Activity ▸ The stretch from the line with "sanger-pokrowiec-na-wedke-ms-range-165cm" through the line with "QQ截圖20211102113714" in the records below: write it out exactly, and nothing else.

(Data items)

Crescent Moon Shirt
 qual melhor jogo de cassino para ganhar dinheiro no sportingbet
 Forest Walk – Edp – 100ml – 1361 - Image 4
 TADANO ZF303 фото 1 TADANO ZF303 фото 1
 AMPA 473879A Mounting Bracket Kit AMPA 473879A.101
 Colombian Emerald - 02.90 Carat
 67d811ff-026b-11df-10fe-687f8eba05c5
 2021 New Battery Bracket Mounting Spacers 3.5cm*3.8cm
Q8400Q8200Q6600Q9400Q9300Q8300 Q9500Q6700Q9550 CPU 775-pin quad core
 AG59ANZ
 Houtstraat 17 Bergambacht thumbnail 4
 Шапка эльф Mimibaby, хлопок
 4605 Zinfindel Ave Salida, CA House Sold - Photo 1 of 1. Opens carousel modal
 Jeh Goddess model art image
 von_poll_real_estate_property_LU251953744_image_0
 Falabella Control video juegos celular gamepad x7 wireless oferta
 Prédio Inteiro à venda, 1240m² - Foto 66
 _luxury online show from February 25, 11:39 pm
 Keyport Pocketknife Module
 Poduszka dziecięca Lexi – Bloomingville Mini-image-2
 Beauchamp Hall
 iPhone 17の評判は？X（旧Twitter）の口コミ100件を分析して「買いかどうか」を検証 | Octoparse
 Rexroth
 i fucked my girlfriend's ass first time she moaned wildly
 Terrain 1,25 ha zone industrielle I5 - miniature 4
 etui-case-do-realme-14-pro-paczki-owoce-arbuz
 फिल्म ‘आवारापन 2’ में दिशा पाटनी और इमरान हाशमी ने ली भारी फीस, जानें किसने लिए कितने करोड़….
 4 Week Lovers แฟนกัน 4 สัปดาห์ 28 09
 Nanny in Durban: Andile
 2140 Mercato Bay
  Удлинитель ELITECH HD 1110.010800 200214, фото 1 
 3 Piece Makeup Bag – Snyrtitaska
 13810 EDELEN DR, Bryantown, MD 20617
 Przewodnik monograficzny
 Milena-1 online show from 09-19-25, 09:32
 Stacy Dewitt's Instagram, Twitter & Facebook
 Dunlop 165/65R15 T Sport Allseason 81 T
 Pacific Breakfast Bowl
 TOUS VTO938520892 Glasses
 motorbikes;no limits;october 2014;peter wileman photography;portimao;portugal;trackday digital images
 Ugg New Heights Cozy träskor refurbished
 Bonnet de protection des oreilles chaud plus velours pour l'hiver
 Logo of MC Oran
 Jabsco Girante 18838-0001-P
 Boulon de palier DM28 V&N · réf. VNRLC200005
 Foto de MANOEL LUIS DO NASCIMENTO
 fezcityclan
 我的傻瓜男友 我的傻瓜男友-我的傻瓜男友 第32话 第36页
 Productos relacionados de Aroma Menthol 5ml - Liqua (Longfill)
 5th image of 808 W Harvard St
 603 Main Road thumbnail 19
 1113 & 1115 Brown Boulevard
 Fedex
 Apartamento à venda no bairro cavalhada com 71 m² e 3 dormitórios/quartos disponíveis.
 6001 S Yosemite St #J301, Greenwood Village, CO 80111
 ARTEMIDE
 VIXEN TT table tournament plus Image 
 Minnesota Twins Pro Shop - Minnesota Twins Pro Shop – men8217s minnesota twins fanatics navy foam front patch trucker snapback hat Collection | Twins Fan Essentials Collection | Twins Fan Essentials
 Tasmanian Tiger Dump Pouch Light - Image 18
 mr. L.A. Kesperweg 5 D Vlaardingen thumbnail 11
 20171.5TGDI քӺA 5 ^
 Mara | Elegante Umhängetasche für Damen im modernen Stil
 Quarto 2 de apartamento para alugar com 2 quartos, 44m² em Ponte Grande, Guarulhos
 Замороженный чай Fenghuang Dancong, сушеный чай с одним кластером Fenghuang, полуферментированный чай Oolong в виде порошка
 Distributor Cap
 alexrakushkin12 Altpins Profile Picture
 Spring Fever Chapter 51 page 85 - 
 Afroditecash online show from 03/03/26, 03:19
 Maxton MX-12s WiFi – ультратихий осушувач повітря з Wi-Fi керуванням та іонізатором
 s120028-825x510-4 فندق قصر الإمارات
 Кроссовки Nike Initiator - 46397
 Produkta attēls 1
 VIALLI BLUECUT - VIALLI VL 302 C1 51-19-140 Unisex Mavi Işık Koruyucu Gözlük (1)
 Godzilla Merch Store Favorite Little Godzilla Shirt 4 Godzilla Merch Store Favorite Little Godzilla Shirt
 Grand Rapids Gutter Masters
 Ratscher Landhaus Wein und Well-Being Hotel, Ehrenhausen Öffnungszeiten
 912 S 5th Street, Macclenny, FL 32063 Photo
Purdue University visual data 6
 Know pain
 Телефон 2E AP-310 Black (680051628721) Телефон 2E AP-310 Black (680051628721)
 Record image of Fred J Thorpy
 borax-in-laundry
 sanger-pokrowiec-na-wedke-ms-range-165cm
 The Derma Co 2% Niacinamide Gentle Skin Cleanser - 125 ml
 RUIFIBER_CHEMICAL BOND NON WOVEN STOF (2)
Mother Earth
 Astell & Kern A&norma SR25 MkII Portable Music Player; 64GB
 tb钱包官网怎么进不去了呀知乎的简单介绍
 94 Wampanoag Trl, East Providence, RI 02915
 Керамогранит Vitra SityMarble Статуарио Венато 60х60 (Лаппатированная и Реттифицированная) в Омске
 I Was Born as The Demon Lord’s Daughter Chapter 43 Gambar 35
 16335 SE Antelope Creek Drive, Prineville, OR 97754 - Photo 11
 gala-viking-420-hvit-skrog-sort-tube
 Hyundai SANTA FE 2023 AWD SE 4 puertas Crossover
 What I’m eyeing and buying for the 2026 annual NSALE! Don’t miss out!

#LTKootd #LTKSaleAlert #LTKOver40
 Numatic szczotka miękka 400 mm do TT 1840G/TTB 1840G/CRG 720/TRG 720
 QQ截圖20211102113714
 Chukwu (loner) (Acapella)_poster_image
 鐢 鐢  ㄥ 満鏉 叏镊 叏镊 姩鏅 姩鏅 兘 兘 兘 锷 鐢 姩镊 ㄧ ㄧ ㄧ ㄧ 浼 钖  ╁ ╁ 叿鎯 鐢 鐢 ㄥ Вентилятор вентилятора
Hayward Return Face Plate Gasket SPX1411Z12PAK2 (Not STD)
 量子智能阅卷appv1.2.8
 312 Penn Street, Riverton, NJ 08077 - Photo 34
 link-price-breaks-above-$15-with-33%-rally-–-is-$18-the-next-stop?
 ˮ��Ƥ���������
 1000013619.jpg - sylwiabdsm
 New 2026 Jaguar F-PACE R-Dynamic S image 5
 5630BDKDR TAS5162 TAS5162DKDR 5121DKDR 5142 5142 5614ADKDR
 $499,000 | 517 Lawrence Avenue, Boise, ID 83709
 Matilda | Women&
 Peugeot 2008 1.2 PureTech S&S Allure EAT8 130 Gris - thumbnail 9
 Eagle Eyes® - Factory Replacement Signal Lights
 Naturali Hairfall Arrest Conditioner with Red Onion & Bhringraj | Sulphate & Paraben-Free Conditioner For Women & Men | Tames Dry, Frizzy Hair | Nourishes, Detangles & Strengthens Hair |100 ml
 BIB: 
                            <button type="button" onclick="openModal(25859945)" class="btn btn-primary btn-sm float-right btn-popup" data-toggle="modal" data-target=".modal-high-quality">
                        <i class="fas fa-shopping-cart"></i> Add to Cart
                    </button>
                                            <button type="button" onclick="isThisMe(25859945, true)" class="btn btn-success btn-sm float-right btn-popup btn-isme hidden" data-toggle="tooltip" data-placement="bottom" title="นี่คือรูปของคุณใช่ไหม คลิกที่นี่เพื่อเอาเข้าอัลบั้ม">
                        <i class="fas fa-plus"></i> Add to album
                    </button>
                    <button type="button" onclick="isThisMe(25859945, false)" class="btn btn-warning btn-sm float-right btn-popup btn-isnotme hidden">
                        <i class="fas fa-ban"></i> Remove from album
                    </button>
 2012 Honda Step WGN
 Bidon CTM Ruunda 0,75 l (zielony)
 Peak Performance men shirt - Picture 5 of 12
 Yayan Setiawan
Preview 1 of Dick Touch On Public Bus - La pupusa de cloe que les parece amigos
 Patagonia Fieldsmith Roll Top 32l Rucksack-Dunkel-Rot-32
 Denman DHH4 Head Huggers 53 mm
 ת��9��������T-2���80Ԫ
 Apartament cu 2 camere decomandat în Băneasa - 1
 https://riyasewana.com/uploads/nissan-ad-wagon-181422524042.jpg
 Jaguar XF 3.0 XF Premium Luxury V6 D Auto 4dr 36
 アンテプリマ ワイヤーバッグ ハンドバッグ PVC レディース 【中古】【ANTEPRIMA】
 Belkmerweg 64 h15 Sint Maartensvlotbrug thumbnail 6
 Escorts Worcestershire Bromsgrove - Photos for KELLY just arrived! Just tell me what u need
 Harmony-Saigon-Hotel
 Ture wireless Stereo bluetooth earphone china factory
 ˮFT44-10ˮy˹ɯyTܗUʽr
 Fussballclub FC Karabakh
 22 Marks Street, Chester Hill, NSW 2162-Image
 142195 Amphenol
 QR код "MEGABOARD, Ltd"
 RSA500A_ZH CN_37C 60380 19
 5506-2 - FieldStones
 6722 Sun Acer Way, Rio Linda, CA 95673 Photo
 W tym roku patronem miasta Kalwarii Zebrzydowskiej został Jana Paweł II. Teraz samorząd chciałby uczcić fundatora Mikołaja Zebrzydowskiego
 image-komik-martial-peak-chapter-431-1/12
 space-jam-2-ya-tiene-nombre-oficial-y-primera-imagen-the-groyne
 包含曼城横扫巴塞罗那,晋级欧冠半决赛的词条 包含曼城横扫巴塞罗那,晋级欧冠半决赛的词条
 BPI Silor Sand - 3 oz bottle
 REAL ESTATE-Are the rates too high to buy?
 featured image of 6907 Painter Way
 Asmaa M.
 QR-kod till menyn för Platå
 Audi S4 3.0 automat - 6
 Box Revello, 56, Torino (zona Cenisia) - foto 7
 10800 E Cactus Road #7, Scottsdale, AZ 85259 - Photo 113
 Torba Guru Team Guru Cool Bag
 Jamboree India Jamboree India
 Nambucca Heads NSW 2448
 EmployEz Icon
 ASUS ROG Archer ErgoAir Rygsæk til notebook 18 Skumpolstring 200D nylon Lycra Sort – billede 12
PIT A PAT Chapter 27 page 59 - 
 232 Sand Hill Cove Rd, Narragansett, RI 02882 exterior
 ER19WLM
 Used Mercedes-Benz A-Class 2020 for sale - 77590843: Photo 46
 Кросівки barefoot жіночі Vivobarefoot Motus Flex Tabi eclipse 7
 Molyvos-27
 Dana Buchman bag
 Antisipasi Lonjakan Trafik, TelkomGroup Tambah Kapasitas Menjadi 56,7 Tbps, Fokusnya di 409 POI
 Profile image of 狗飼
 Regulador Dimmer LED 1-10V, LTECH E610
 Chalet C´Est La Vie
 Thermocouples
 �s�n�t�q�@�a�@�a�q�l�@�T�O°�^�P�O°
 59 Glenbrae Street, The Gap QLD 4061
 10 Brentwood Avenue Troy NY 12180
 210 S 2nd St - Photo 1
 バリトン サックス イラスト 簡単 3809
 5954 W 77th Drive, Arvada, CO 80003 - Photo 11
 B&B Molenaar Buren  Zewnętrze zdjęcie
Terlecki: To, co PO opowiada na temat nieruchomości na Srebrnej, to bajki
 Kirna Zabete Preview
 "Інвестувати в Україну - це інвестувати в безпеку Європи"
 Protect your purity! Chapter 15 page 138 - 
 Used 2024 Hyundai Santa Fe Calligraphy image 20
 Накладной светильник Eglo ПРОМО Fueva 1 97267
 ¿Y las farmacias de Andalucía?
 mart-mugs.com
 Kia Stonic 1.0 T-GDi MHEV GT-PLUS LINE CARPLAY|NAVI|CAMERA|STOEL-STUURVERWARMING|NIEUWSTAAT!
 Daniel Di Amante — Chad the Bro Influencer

Exercise output ▸
 sanger-pokrowiec-na-wedke-ms-range-165cm
 The Derma Co 2% Niacinamide Gentle Skin Cleanser - 125 ml
 RUIFIBER_CHEMICAL BOND NON WOVEN STOF (2)
Mother Earth
 Astell & Kern A&norma SR25 MkII Portable Music Player; 64GB
 tb钱包官网怎么进不去了呀知乎的简单介绍
 94 Wampanoag Trl, East Providence, RI 02915
 Керамогранит Vitra SityMarble Статуарио Венато 60х60 (Лаппатированная и Реттифицированная) в Омске
 I Was Born as The Demon Lord’s Daughter Chapter 43 Gambar 35
 16335 SE Antelope Creek Drive, Prineville, OR 97754 - Photo 11
 gala-viking-420-hvit-skrog-sort-tube
 Hyundai SANTA FE 2023 AWD SE 4 puertas Crossover
 What I’m eyeing and buying for the 2026 annual NSALE! Don’t miss out!

#LTKootd #LTKSaleAlert #LTKOver40
 Numatic szczotka miękka 400 mm do TT 1840G/TTB 1840G/CRG 720/TRG 720
 QQ截圖20211102113714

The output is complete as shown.